The Selfish Giant by Oscar Wilde
Oscar Wilde is primarily renowned for his humour and command of the English language. The storey “The Selfish Giant” bears all of Wilde’s hallmarks: it is witty, inventive, and hilarious, and it is a wonderful piece of literary art. Because the storey is intended to be viewed as a Christian parable, the characters are metaphorical and didactic. They are personifications of archetypes that symbolise both positive and negative human attributes.
The Giant’s garden was stunning. It was a popular place for kids to play. They used to enter the vast magnificent garden with flowers and fruit trees every afternoon on their way home from school.

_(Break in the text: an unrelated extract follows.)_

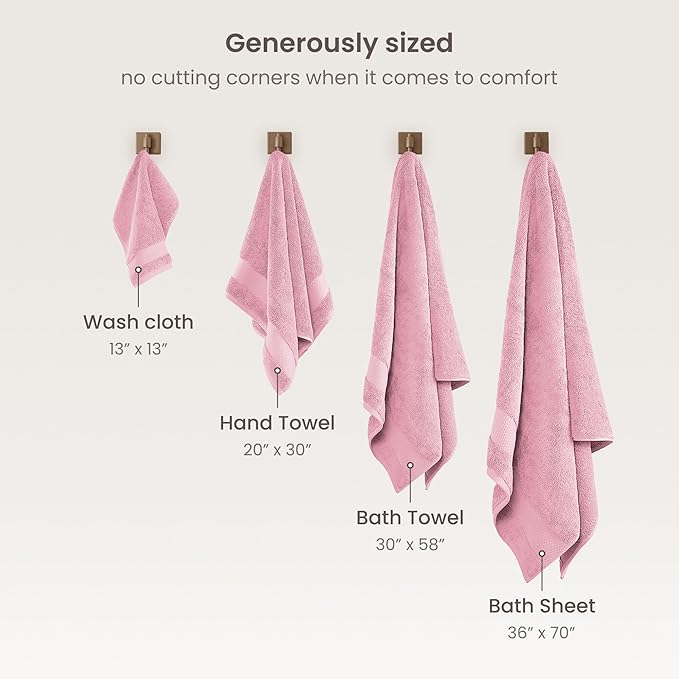 BIOWEAVES 100% Organic Cotton Bath Towel Set | 700 GSM Plush 6-Piece Premium Towel Set GOTS Certified, 2 Bath Towels, 2 Hand Towels & 2 Washcloths - Dusty Pink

The Giant, on the other hand, was self-centred. When he returned home after seven years with his companion, he noticed the children playing in the garden. He yelled violently at them, and they fled. The Giant decided not to allow anyone else to play there. So he erected a huge boundary wall around it. He also posted a sign warning that anyone breaking into the garden would be prosecuted.
The poor children had nowhere else to go. They did not like playing on the dusty, stone-filled road.
Then, all around the country, spring arrived. Only in the garden of the Selfish Giant was it still winter. No flowers grew, and no birds sang. The only visitors were the snow and frost, which turned all the trees silver. The north wind blew all day. It also requested hailstones.
The Giant was perplexed as to why the spring had gone by his garden. It was always winter there.
He woke up one morning to the wonderful song of a linnet outside his window. He sprang out of bed and looked around. He witnessed a spectacular sight. The kids had slipped in through a hole in the wall. They were sitting on the limbs of trees that welcomed them with flowers. Only in one corner was it still winter. A tiny boy was weeping and walking around the tree. He was too little to climb.
The Giant’s heart melted. He went out into the garden. When they saw him, the children fled. The garden was transformed into winter once more.
But as he threw the young boy into the tree, it burst into blossoms. The child wrapped his arms around his neck and kissed him. Other children noted a change in the Giant’s demeanour. So they returned as well. The Giant knocked down the wall and began to play with them. He wanted to see the tiny boy he had placed in the tree. But he would leave.
Years passed, and he became elderly and frail. He realised that the children were the most beautiful flowers of all.
One winter morning, he noticed a tree with magnificent white blossoms and silver fruit. The small boy stood beneath it. He dashed up to the boy. He saw two nail wounds on the boy’s arms and feet. He screamed fiercely that he would kill the horrible man who had hurt him. The child then told him that those were the scars of Love. It went on to say that he had come to take him to his garden, which was bliss. The Giant was discovered dead under a tree in the afternoon.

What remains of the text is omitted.